## SOURCE RECORDS
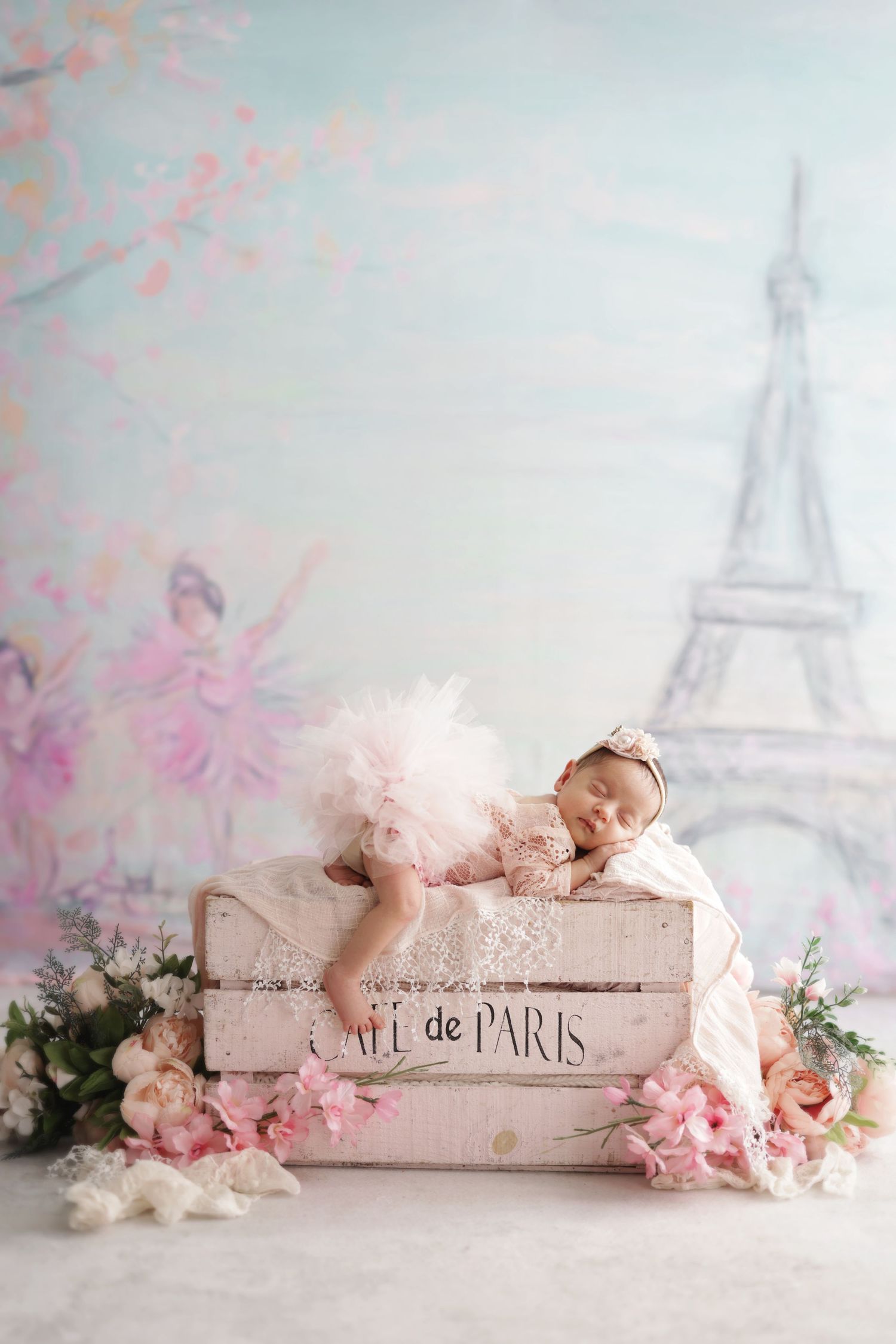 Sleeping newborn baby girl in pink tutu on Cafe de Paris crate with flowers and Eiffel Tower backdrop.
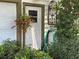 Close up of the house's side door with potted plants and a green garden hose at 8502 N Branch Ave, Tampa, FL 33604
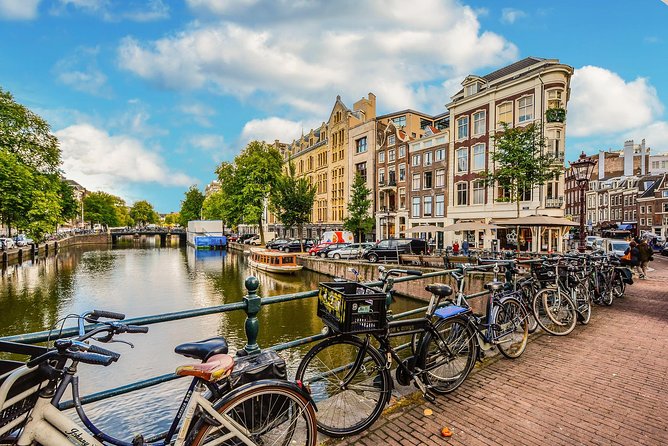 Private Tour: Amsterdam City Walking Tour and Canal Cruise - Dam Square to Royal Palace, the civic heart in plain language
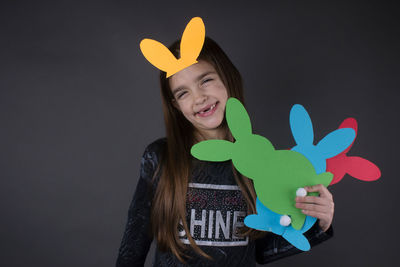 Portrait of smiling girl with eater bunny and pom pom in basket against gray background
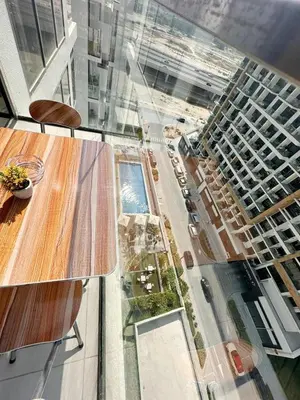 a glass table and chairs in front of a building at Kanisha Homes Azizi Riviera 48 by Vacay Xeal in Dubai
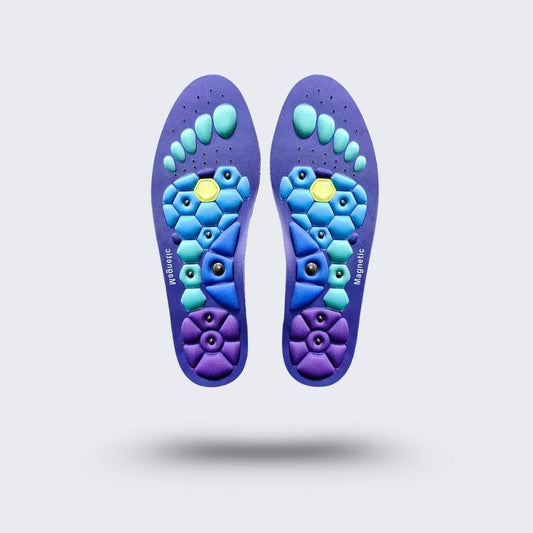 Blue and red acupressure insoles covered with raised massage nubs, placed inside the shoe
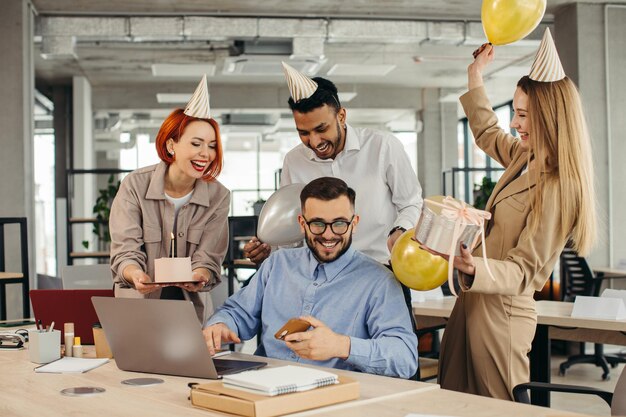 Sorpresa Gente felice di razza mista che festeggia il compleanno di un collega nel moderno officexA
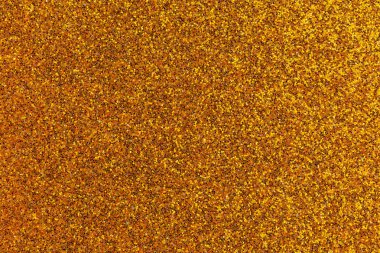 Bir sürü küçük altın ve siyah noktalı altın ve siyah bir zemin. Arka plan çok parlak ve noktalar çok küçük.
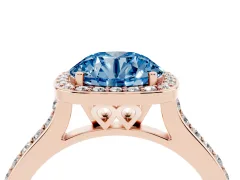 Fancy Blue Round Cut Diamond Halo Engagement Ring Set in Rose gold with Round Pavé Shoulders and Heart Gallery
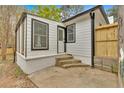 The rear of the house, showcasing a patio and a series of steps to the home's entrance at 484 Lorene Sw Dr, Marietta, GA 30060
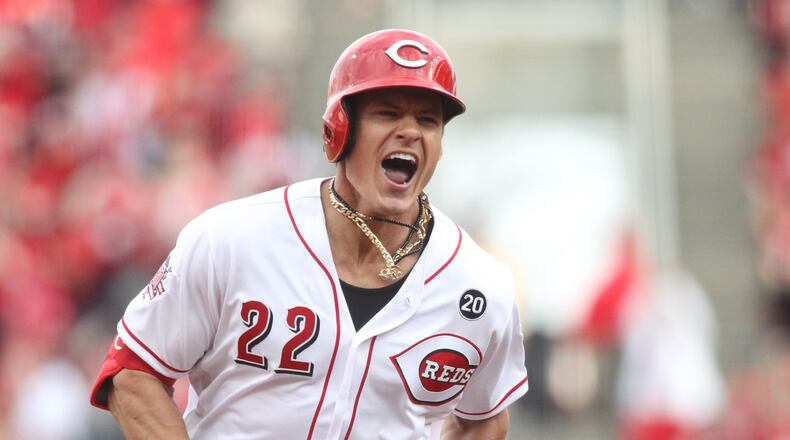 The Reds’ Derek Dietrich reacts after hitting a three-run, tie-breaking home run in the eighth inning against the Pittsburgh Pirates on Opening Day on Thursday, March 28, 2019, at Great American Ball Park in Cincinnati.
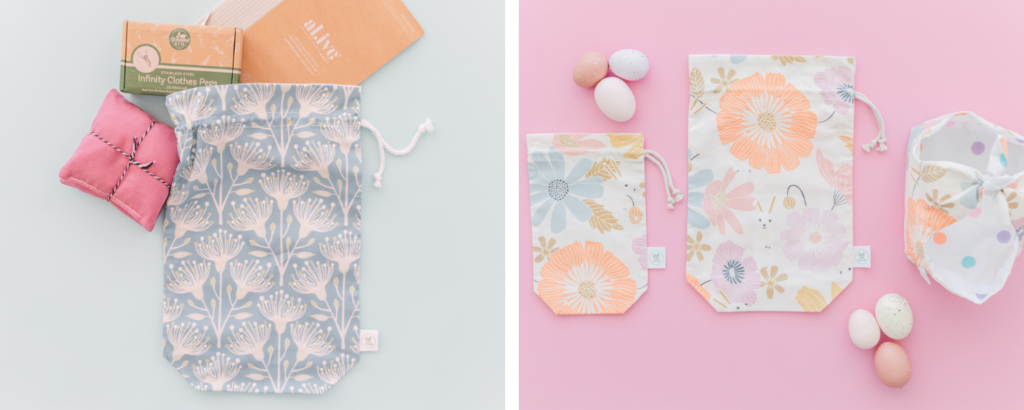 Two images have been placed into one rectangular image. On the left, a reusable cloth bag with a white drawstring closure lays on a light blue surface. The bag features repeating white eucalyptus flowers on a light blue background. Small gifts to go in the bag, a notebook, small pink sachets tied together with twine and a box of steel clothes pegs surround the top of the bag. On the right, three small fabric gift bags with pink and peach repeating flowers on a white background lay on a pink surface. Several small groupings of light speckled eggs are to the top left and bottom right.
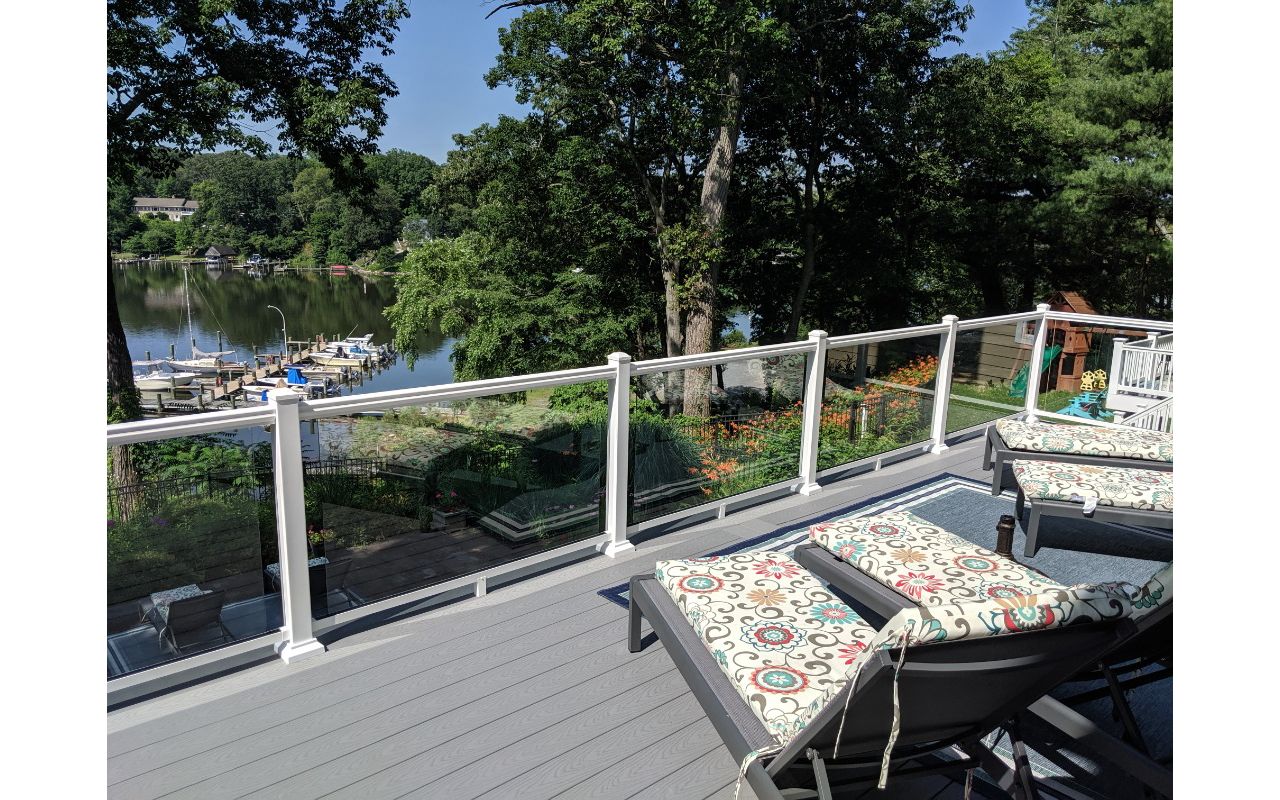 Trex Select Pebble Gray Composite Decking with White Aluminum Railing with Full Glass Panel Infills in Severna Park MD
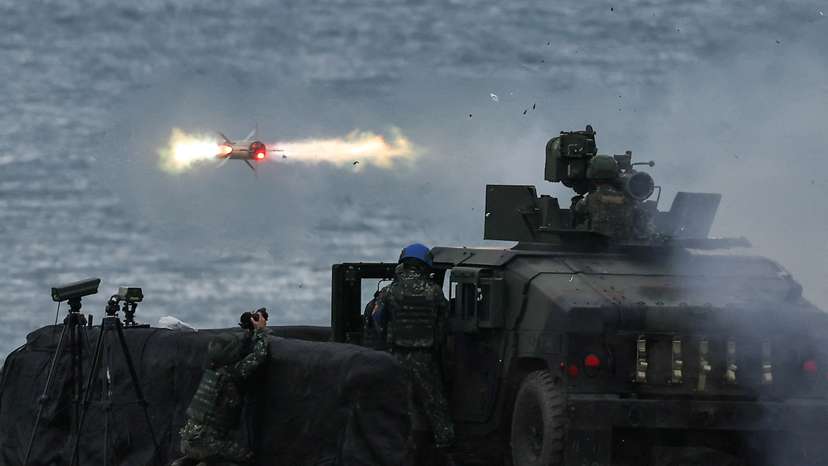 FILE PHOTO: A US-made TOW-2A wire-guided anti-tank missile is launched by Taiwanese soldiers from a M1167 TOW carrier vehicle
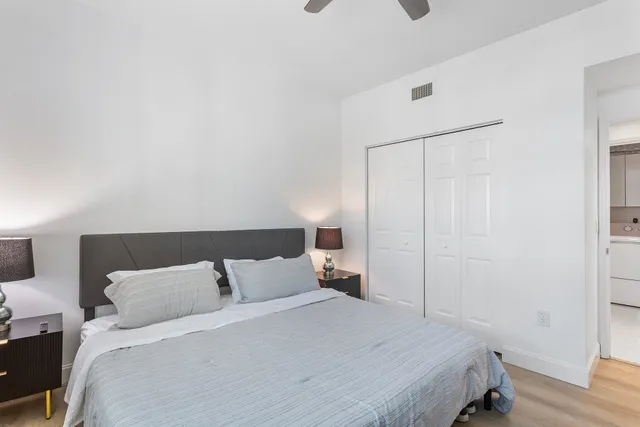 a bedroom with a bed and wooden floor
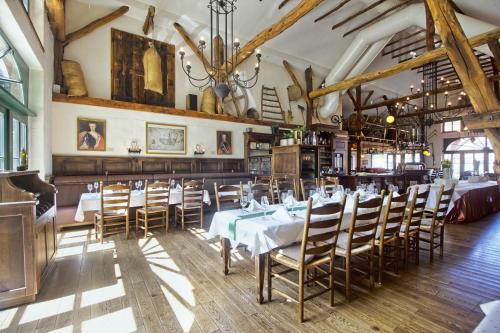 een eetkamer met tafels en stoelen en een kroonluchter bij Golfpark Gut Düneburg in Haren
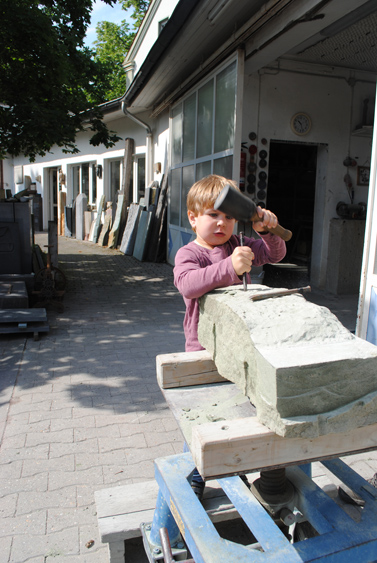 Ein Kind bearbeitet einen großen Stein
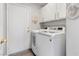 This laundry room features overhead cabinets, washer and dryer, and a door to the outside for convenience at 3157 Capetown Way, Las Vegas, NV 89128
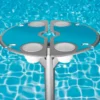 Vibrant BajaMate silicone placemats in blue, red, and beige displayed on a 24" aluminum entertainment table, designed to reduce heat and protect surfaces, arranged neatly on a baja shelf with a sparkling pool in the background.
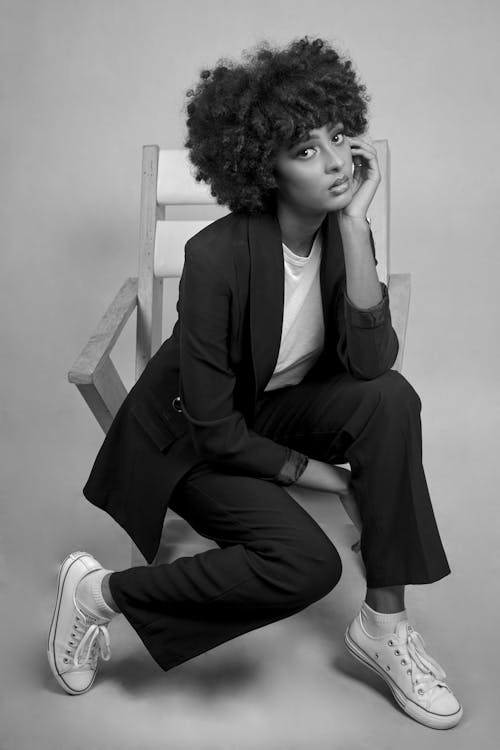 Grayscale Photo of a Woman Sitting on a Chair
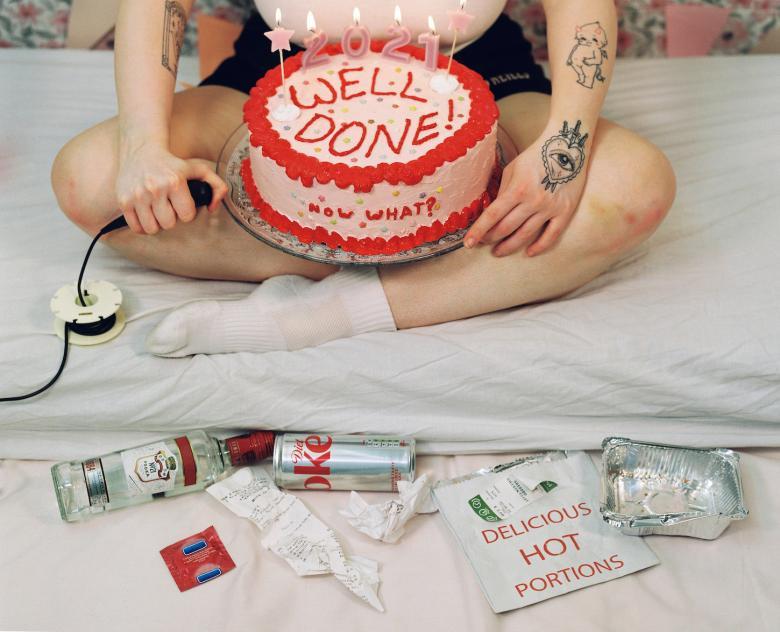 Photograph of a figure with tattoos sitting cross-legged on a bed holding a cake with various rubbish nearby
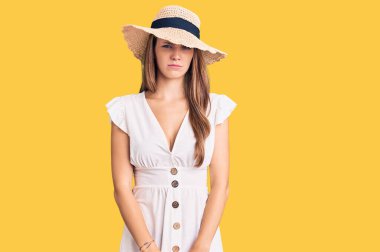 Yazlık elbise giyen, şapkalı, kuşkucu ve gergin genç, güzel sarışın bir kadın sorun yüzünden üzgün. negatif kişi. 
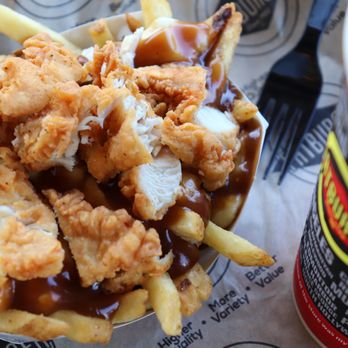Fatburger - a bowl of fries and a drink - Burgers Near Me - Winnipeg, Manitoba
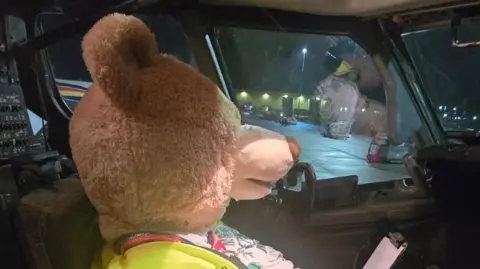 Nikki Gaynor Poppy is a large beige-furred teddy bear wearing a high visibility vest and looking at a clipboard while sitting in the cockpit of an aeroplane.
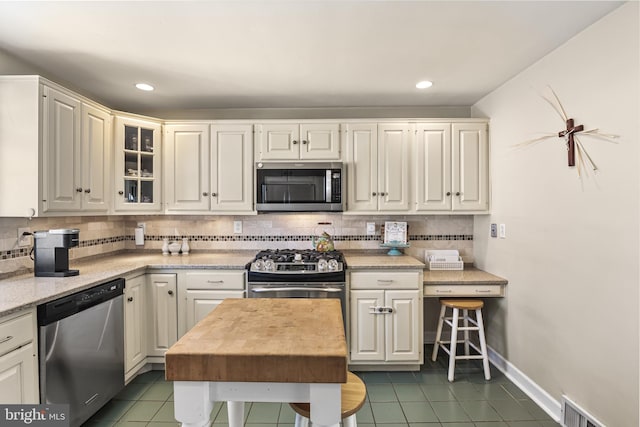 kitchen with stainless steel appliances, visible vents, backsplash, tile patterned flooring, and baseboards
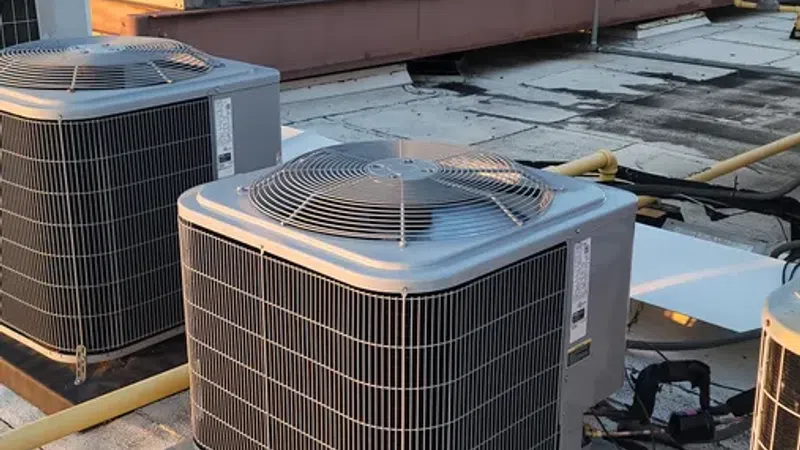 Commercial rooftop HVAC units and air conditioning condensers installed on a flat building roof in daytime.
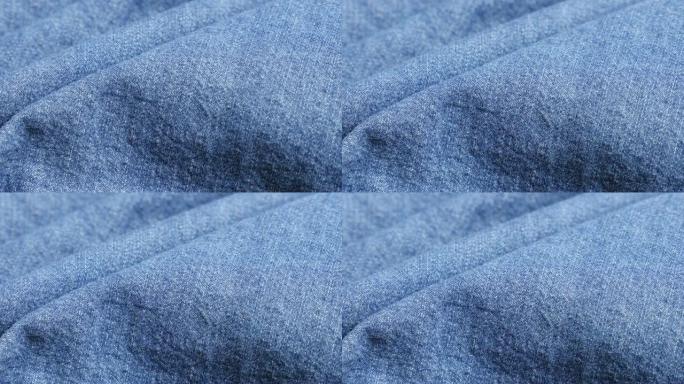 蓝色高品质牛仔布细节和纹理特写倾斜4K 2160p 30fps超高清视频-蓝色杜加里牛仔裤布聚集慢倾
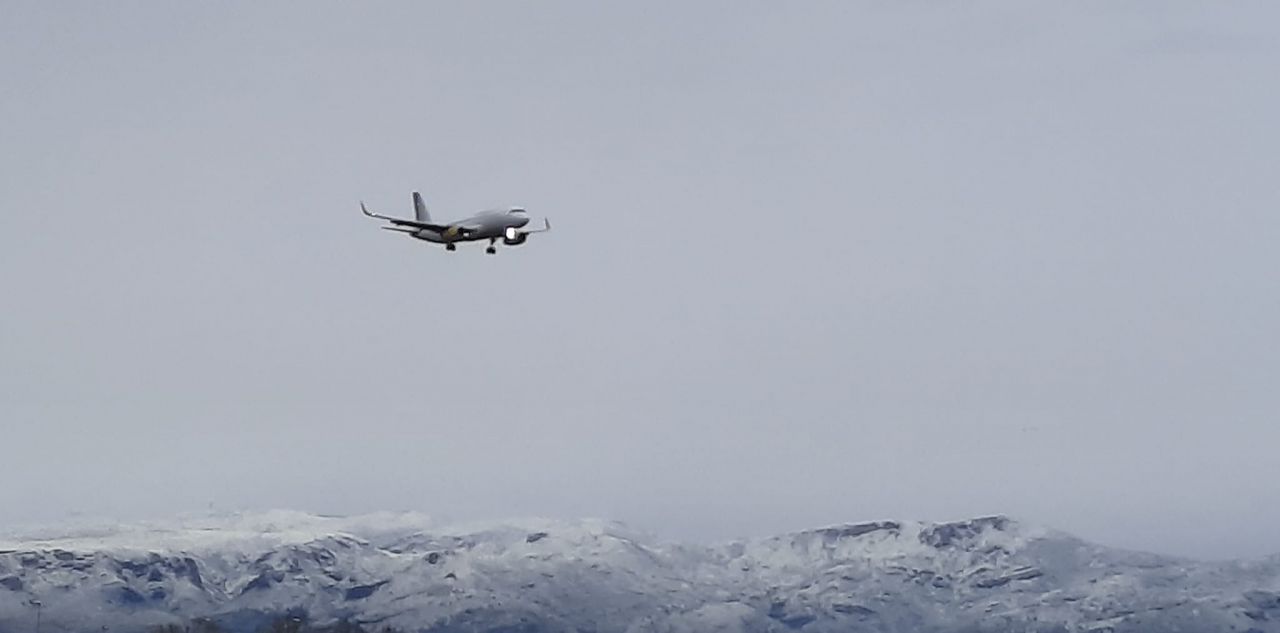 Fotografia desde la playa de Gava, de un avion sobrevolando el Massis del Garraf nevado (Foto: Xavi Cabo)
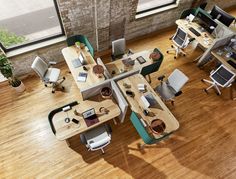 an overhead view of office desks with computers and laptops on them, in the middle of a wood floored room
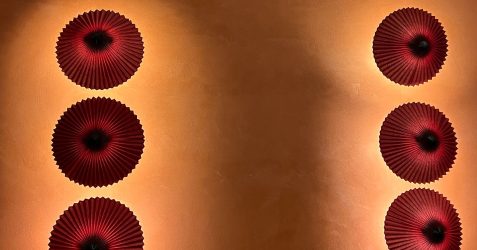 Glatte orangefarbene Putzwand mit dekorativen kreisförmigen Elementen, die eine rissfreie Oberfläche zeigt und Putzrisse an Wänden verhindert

## EXERCISE PROMPT
Give again the stretch of the entries above that begins at the line with "Portrait of smiling" and ends at the line with "Fancy Blue Round", word for word, with no pictures.

## PROBLEM SOLUTION
 Portrait of smiling girl with eater bunny and pom pom in basket against gray background
 a glass table and chairs in front of a building at Kanisha Homes Azizi Riviera 48 by Vacay Xeal in Dubai
 Blue and red acupressure insoles covered with raised massage nubs, placed inside the shoe
 Sorpresa Gente felice di razza mista che festeggia il compleanno di un collega nel moderno officexA
 Bir sürü küçük altın ve siyah noktalı altın ve siyah bir zemin. Arka plan çok parlak ve noktalar çok küçük.
 Fancy Blue Round Cut Diamond Halo Engagement Ring Set in Rose gold with Round Pavé Shoulders and Heart Gallery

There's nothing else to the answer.